I think that old nursery rhyme may be more profound than we first think. What keeps the pussycat from catching a glimpse of the regal splendor of the royal court? There are a multitude of possible reasons, but at least two that the rhyme brings forth. First, the pussycat’s gaze was too low. After all, the Queen wasn’t likely to be running along the floor, under the chairs. So why was the pussycat focused there? Second, the pussycat was too distracted by physical appetites to experience the glory. With his thoughts on the lunch, he missed the majesty!
I wonder how many times we are like the pussycat.
Jesus said "The eye is the lamp of the body. If your eyes are healthy, your whole body will be full of light.” (Matthew 6:22). Among other things, I believe Jesus is saying the focus of our gaze determines the state of our souls. If our gaze is focused on the light, our souls will likewise be filled with light. If we focus on the darkness, on that which is broken or evil, we find our very souls filled with darkness. Often a key to seeing the Glory of the Kingdom is simply to lift up our gaze.

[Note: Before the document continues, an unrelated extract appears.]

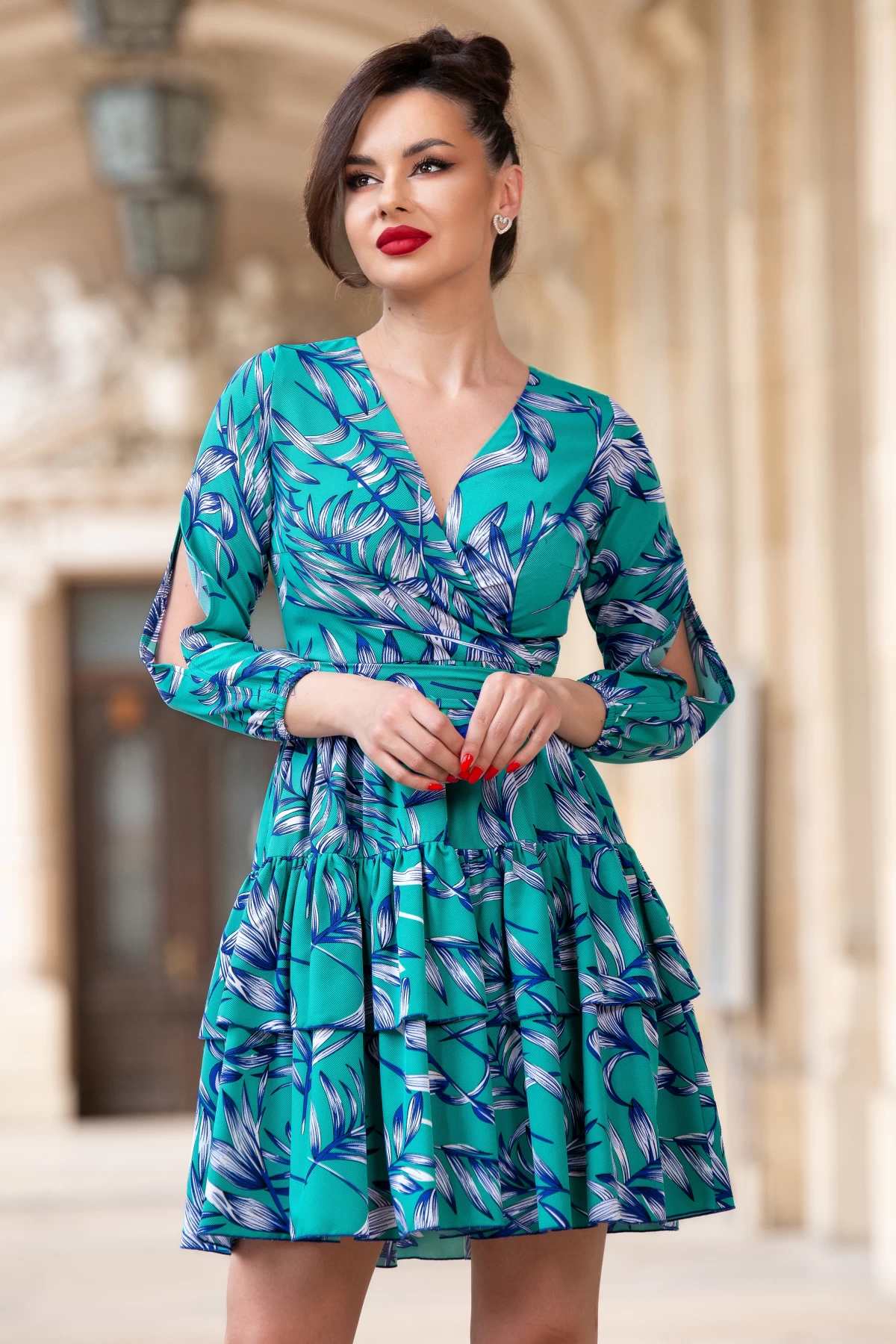 Rochie verde cu volanase si imprimeu floral By InPuff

The Prophet Isaiah says that in the year King Uziah died, he saw the Lord. (Isaiah 6) Because he was looking for the Lord, he saw Him. After all, the Lord says if we seek Him, we will find Him … if we seek Him with all of our hearts. While others might have been tempted to panic or despair over the loss of the great King Uziah, Isaiah had the focus of his gaze on the Lord, and he saw the Glory. He also heard the angels proclaiming “Heaven and earth are full of Your Glory!” This proclamation suggests that there is no place so distant, no circumstance so dark, and no challenge so great, that the Glory of the Lord is absent. He is with us all the time and His Glory is there for those who will lift their gaze and see with Kingdom eyes.
Of course it is also easy to get distracted by a multitude of lesser appetites. Perhaps that is why Jesus goes on to say, “So do not worry, saying, ‘What shall we eat?’ or ‘What shall we drink?’ or ‘What shall we wear?’ For the pagans run after all these things, and your heavenly Father knows that you need them. But seek first his kingdom and his righteousness, and all these things will be given to you as well.” (Matthew 6:33). If we seek the Kingdom, we will find it. If we seek His Glory we will see it. And in finding His Kingdom and seeing His Glory, we discover that we can find resolution to the other things that bring stress and anxiety to our lives.
I believe the church today has far too many “pussycat” Christians; people who, while ostensibly seeking the King and His Kingdom, are often easily distracted by lesser things. I’m going to resolve to lift up my gaze, to look for His Glory, and to seek first His Kingdom. I don’t want to discover that my journey to the throne room of the King only resulted in me seeing a mouse run under a chair.